Aim of the exercise:
Where the line containing "18025 Bert Street, Long Beach, MS 39560" appears, end the copy there, keeping that line; start from the first line of the entries, copy exactly, and omit pictures.

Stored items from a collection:
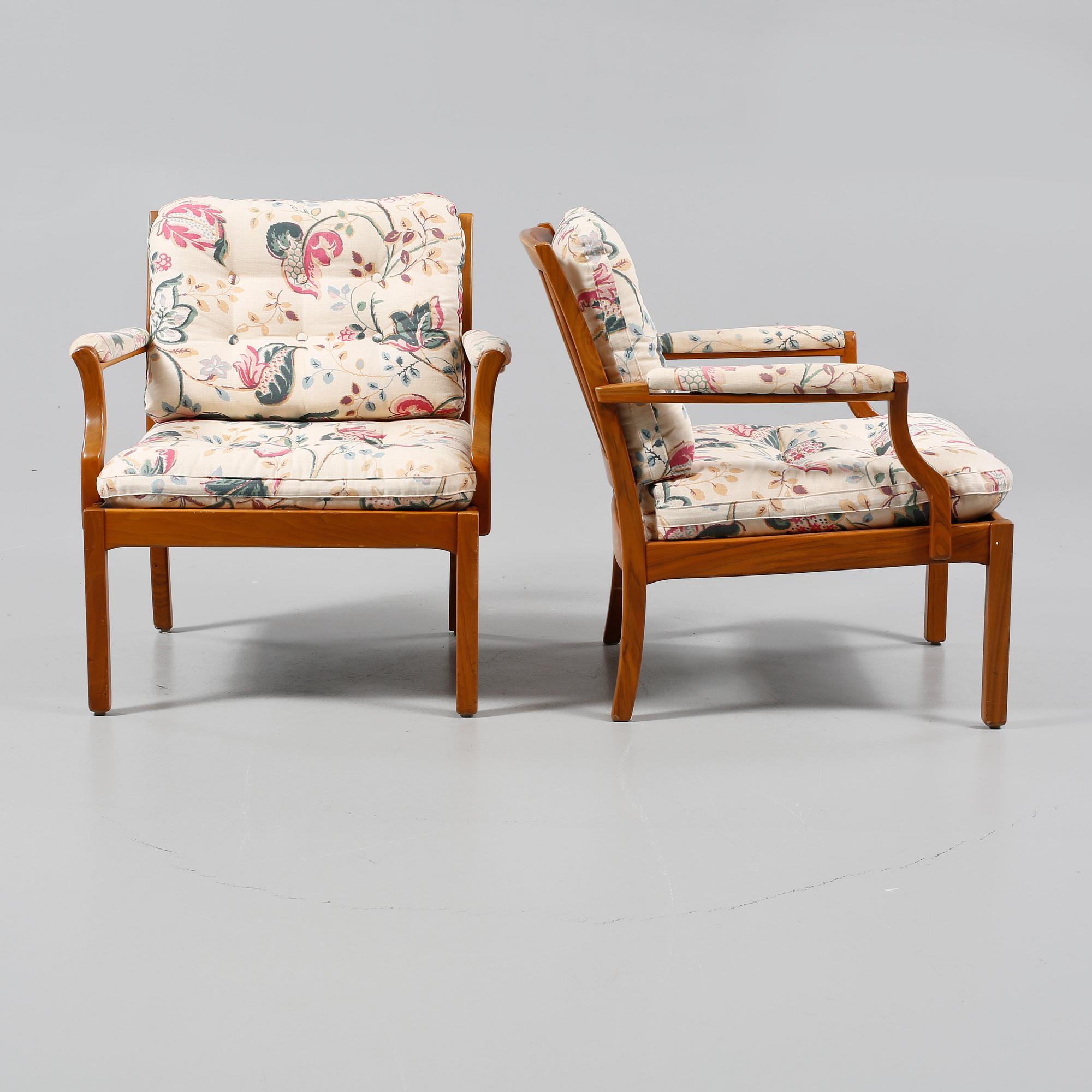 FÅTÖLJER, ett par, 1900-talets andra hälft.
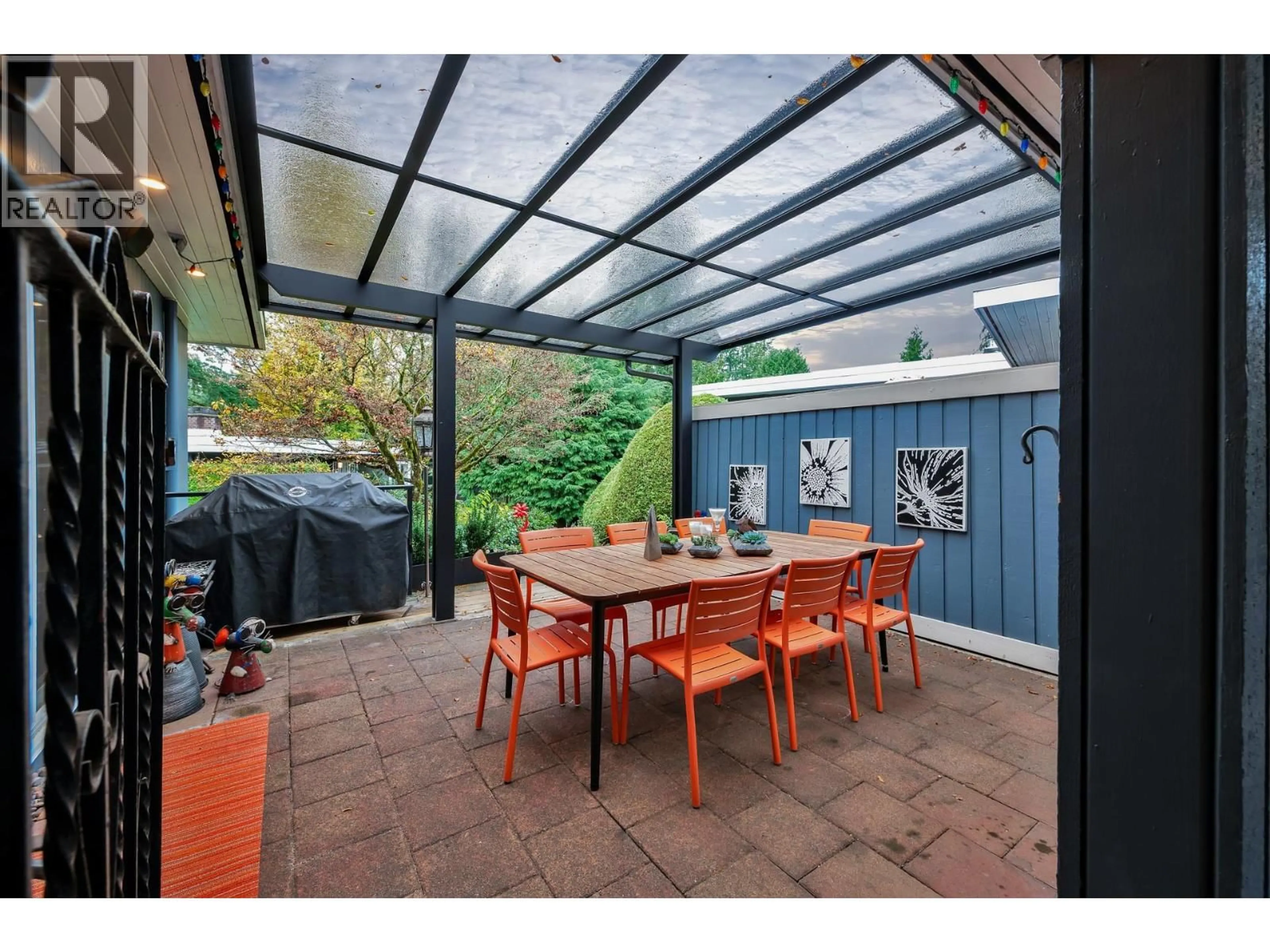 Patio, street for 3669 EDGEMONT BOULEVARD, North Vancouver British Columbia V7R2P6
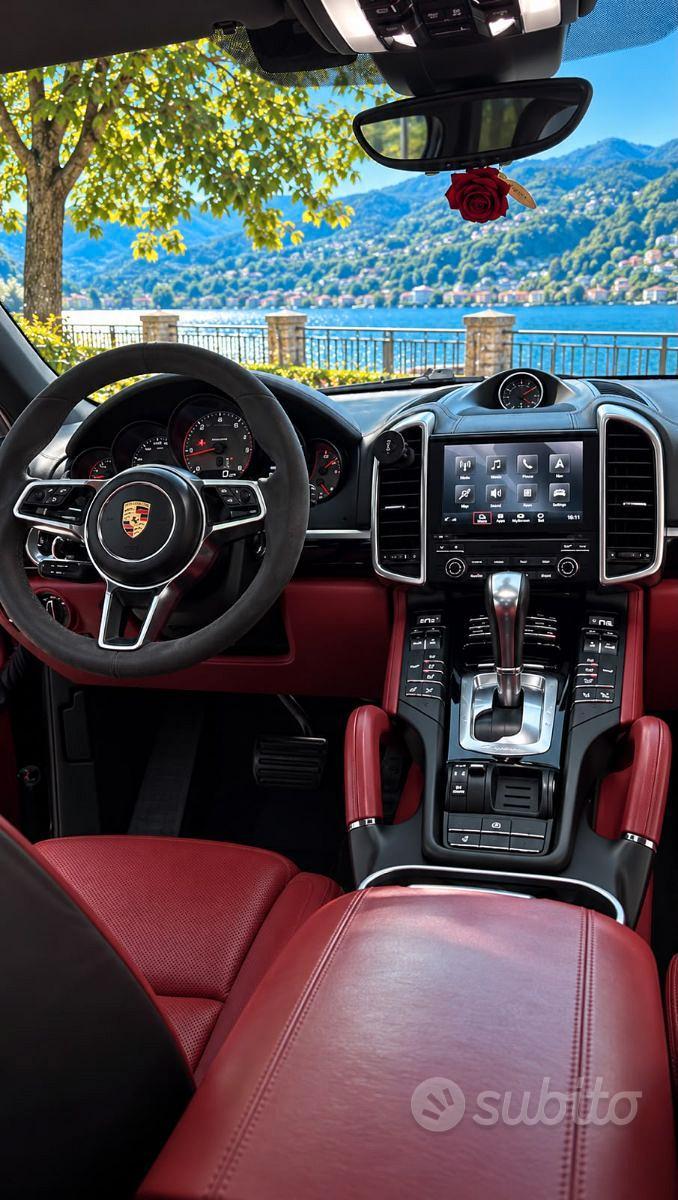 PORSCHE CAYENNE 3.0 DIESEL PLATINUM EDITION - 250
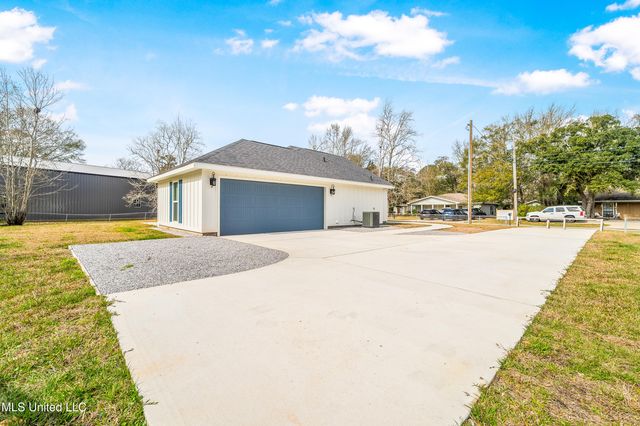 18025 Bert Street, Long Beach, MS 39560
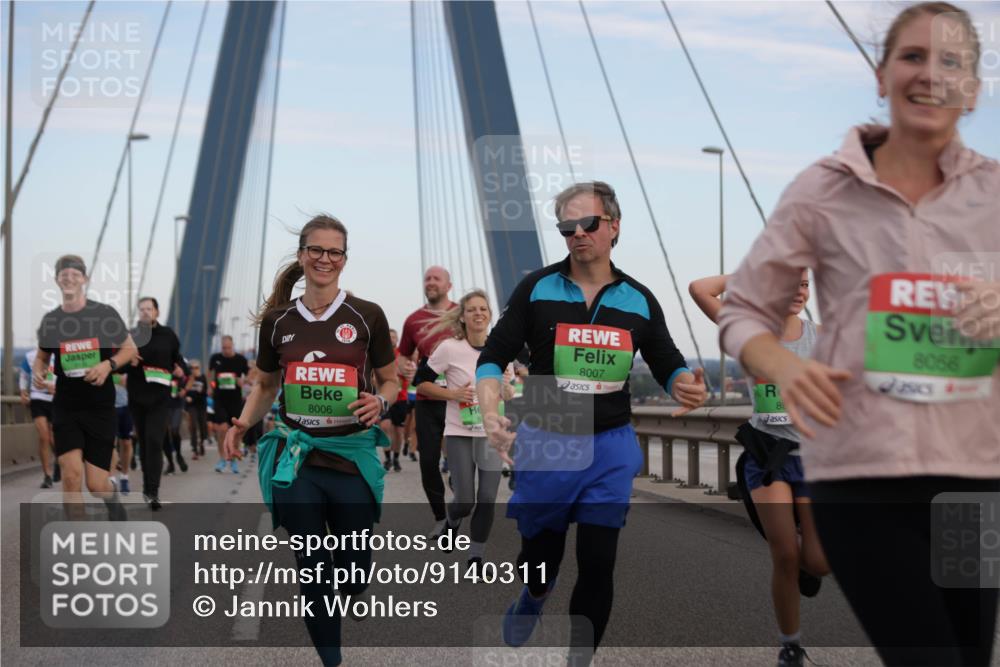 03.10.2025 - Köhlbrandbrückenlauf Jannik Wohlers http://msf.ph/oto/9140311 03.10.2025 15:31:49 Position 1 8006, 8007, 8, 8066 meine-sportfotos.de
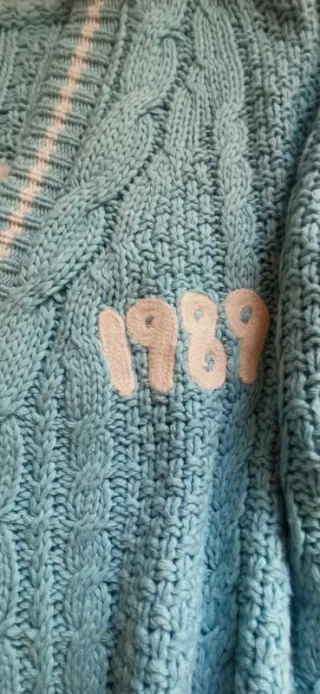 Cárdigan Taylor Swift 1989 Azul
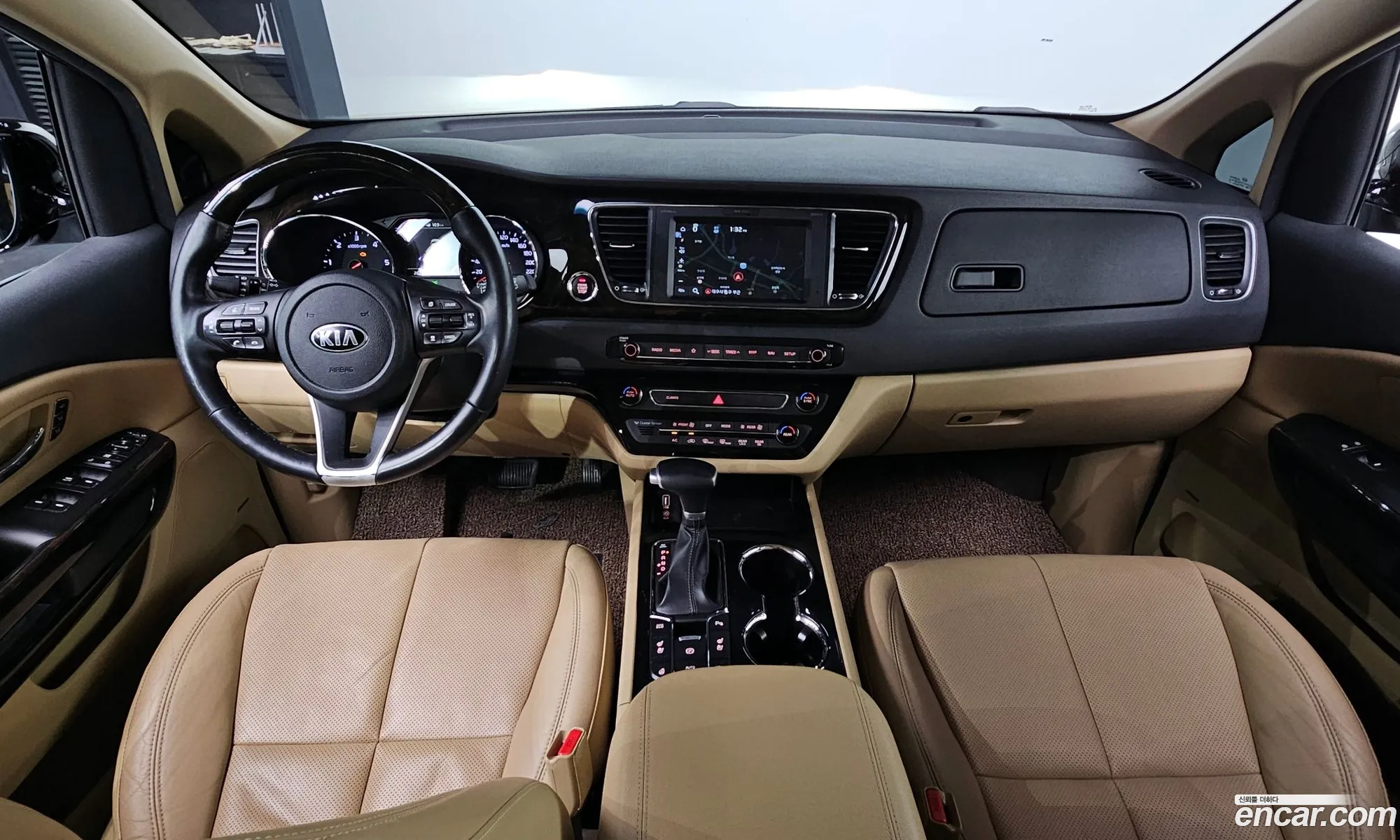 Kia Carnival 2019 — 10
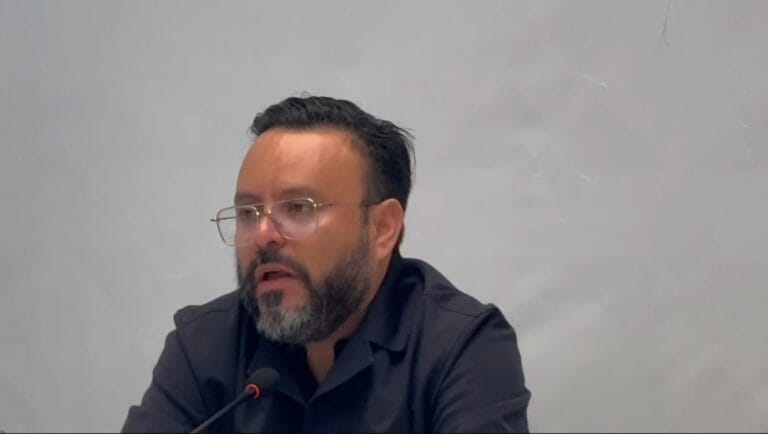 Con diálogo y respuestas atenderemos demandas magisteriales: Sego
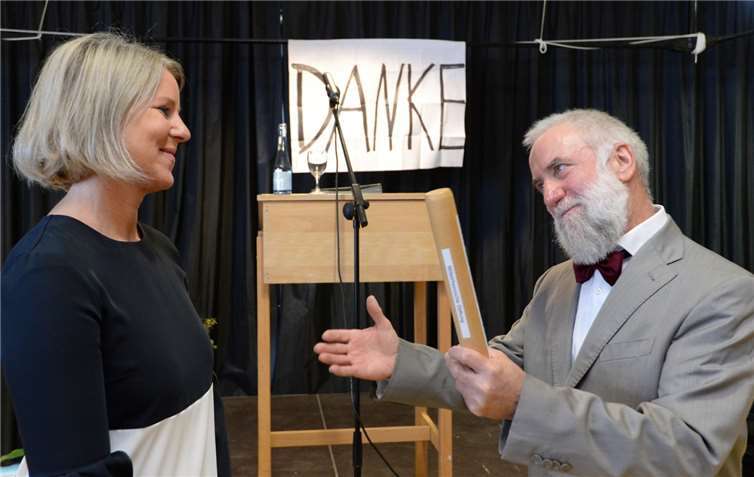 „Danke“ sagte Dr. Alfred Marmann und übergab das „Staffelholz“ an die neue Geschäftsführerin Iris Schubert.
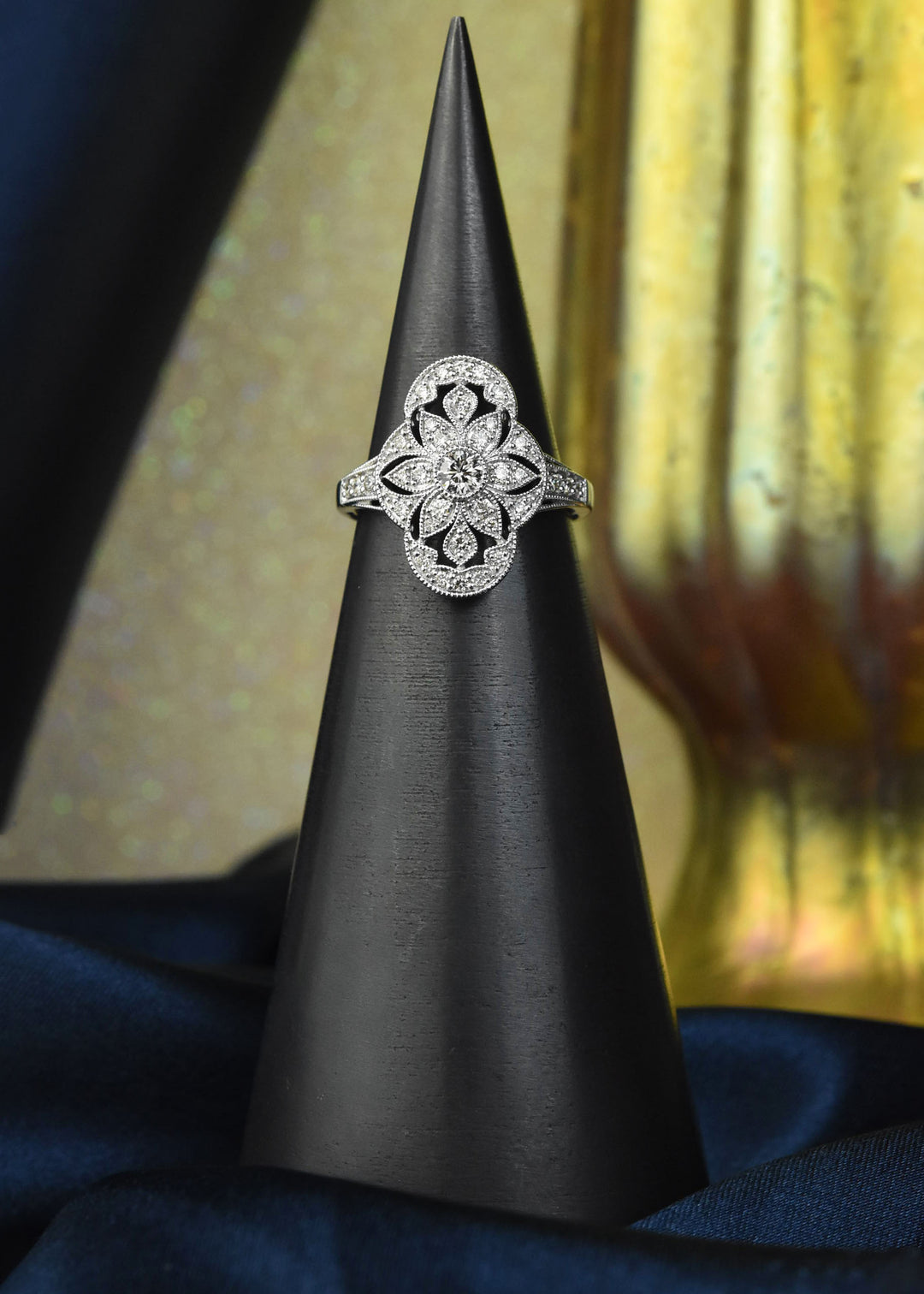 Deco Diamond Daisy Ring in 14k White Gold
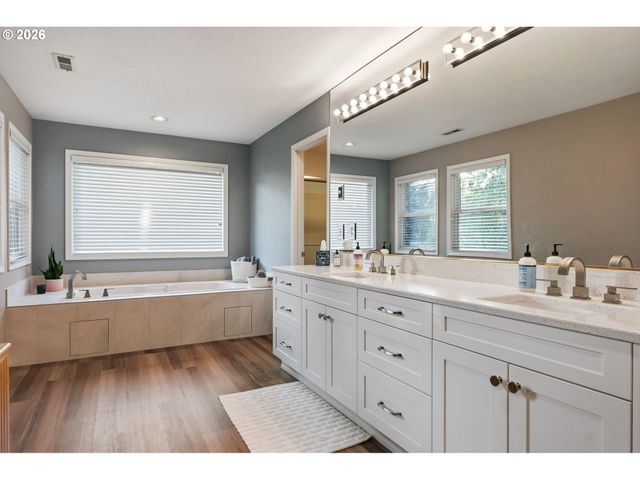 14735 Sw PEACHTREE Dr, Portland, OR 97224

Your response:
 FÅTÖLJER, ett par, 1900-talets andra hälft.
 Patio, street for 3669 EDGEMONT BOULEVARD, North Vancouver British Columbia V7R2P6
 PORSCHE CAYENNE 3.0 DIESEL PLATINUM EDITION - 250
 18025 Bert Street, Long Beach, MS 39560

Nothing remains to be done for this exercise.